**WORK REQUIRED**
Write out again, unchanged, the line that has "Vestido Only Vita verde para mujer" and each following line through the end of the entries below; leave pictures out.

(Stored items from a collection)
*** Block opens ***

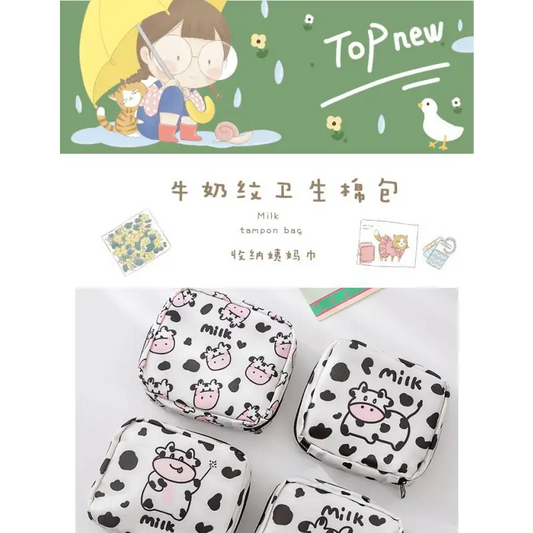 Cartoon Sanitary Pad Pouch Cg492 - Pouches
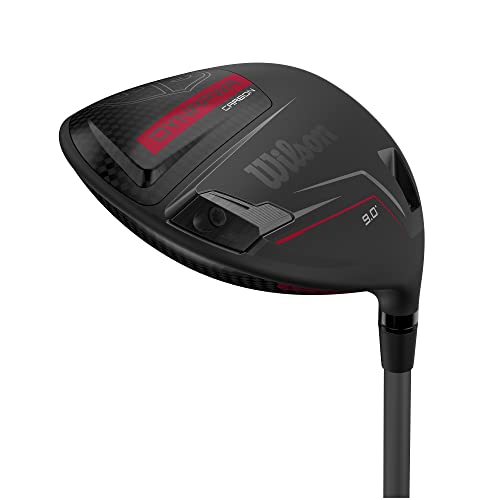 Wilson Dynapower Men's Carbon Driver - Right Hand, Regular, 10.5 Black/Red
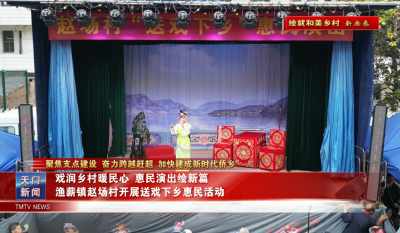 【聚焦支点建设 奋力跨越赶超 加快建成新时代侨乡·绘就和美乡村新画卷】 戏润乡村暖民心 惠民演出绘新篇 渔薪镇赵场村开展送戏下乡惠民活动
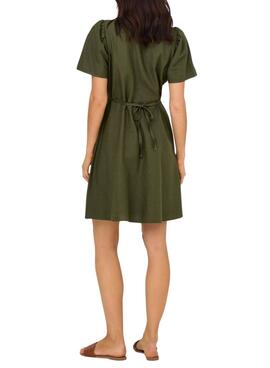 Vestido Only Vita verde para mujer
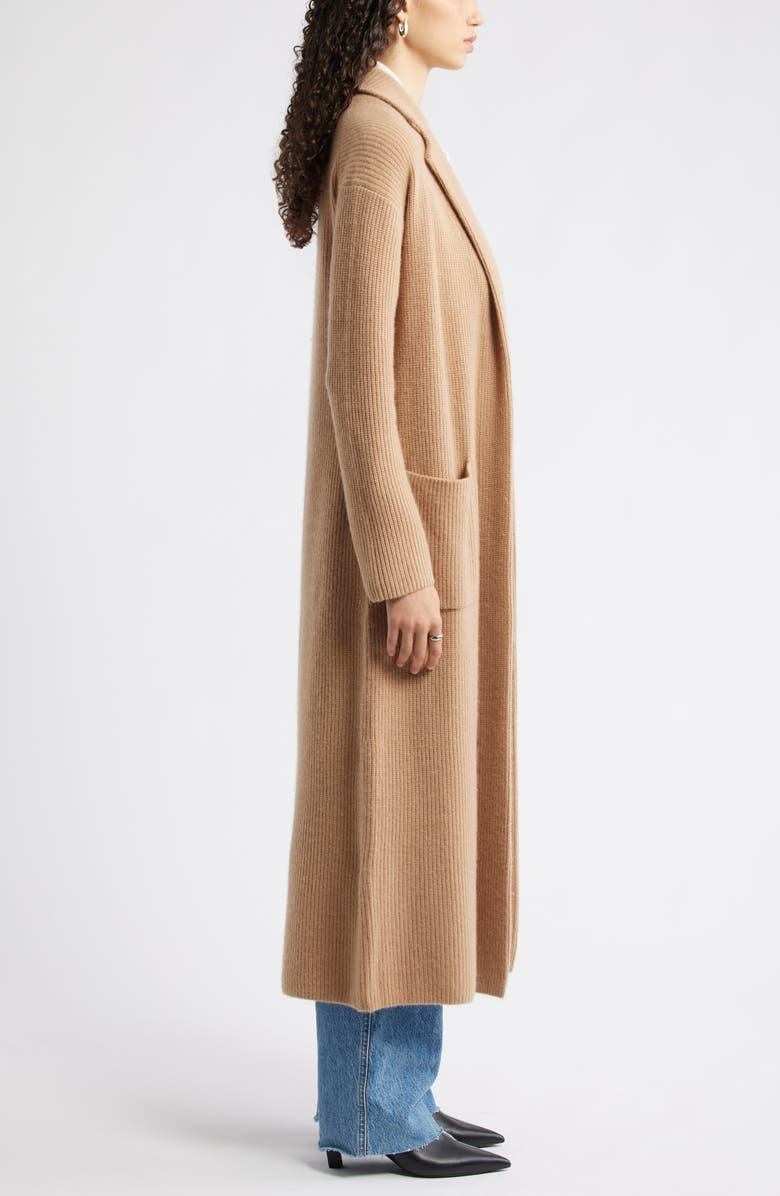 Nordstrom Wool & Cashmere Longline Cardigan, Alternate, color, Tan Tannin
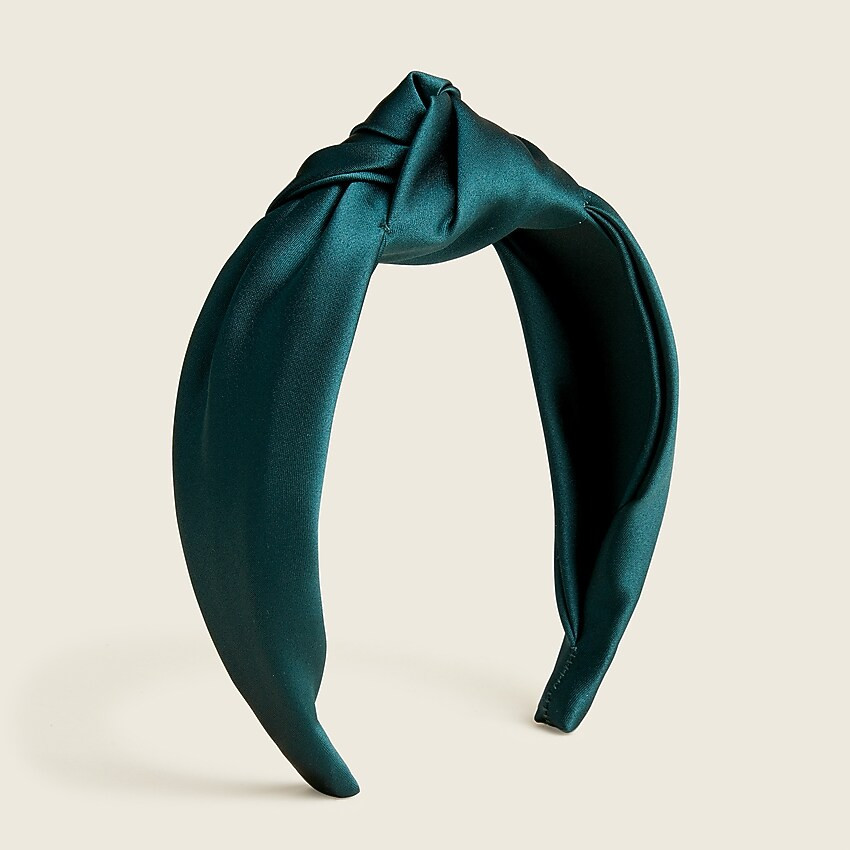 Oversized knot headband in satin | J. Crew US
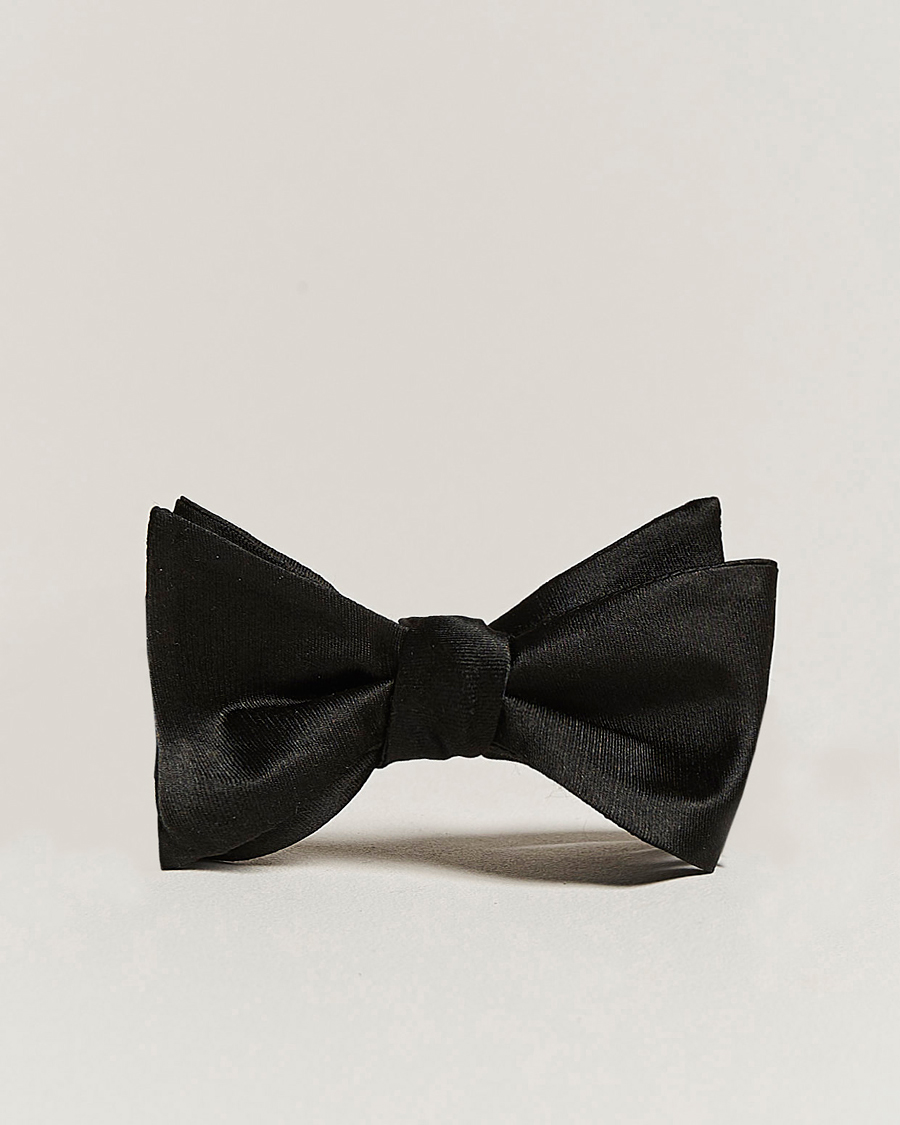 Mies | Oscar Jacobson Bow Tie, Self Tie Black | Oscar Jacobson | Bow Tie, Self Tie Black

*** Block closes ***

**REPLY TO THE EXERCISE**
 Vestido Only Vita verde para mujer
 Nordstrom Wool & Cashmere Longline Cardigan, Alternate, color, Tan Tannin
 Oversized knot headband in satin | J. Crew US
 Mies | Oscar Jacobson Bow Tie, Self Tie Black | Oscar Jacobson | Bow Tie, Self Tie Black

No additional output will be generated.